The input of the BERT model. Position Emdebbings are similar to the transformer model, discussed above. Segment embeddings flag each word as part of the first or second sentence. Token embedding are the text-embeddings of the input data. The datapoint being input to the model is the concatenation of these three embeddings. Source: Attention is all you need (2017, Google, Arxiv)

As a side note, the authors trained this model on BooksCorpus (800M words) and English Wikipedia (2,500M words), using 24 BERT layers, batches of 256 sentences with 512 tokens each.

Fine-tuning

The fine-tuning phase adds an extra layer to the pre-trained BERT model, in order to train the model to the task at hand. This approach has been applied previously in other models, particularly on Convolutional Neural Nets, where the first layers are pre-trained and learnt edges and lines, and the remaining layers are added later and used on the training of the object-specific detection.
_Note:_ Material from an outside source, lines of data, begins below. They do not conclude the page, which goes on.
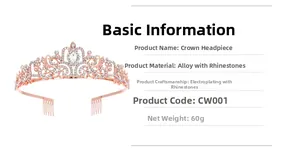 Detailed view of rose gold alloy bridal tiara with sparkling crystal rhinestones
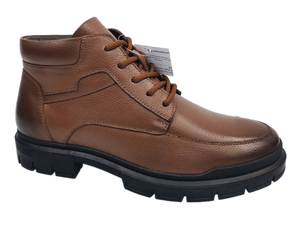 <b>Brown</b> Genuine Leather Ankle <b>Boots</b> Round Toe <b>Lace</b>-up Rubber Outsole EVA Midsole Anti-Slippery All Seasons - Product Image 5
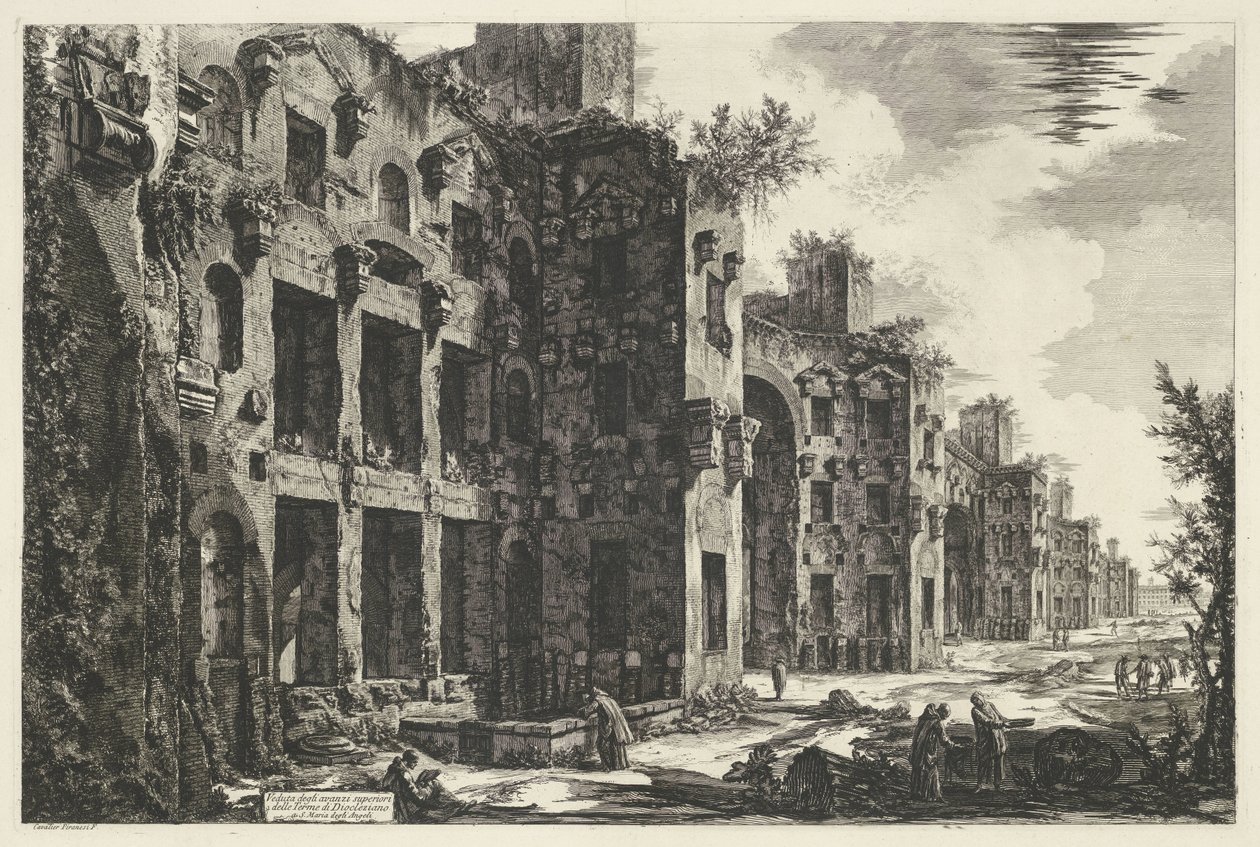 Thermen van Diocletianus i Rom Utsikt över de övre lämningarna av Diocletianus bad i S. Maria degli Angeli (titel på objektet) Gezichten op Rome (serietitel) Utsikt över Rom designad och graverad av Giambattista Piranesi-arkitekten Ve (nez) iano (seri) av Giovanni Battista Piranesi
In the original paper, the authors demonstrated this model successfully being applied to four families of tasks:

Sentence Pair Classification Tasks: classification of context from pairs of sentences. Examples: do sentences agree/disagree, does the second sentence follow from the previous one, do they describe a simillar context, etc. Similarly to the pre-training phase of the BERT models, the label is past as the first embedded symbol of the output;
Single Sentence Classification Tasks: similar to the previous, but applied to a single sentence. Used for learning contexts like finding hateful speech, etc.;
Question Answering Tasks: allows one to pass as input the concatenation of the question and a paragraph where the answer to the question is available. The output of the model is the input with the embeddings representing the start and end word of the answer replaced by a marker. As an example:
- input: “[CLS] His name is John. John is a Swiss carpenter and he is 23 years old [SEP] How old is John”;
- output: “[CLS] His name is John. John is a Swiss carpenter and ###he is 23 years old### [SEP] How old is John”;
Single Sentence Tagging tasks: retrieves the classes of individual words e.g. Name, Location, Job, etc, by replacing each relevant word with its class id. As an example:
- input: “[CLS] His name is John. John is a Swiss carpenter and he is 23 years old”;
- output: “[CLS] His name is [NAME]. [NAME] is a [NATIONALITY] [OCCUPATION] and he is [AGE] years old”.

The input and output models of the fine-tuning of these tasks are illustrated in the following picture:

Input and output of the fine-tuning phase of a BERT network, applied to four different interpretation tasks. Source: Attention is all you need (2017, Google, Arxiv)

As a final note, information encoded by BERT is useful but, on its own, insufficient to perform a translation task. However, “BERT pre-training allows for a better initialization point for [an] Neural Machine Translation model” (source: Clichant et al.,On the use of BERT for Neural Machine Translation, arXiv).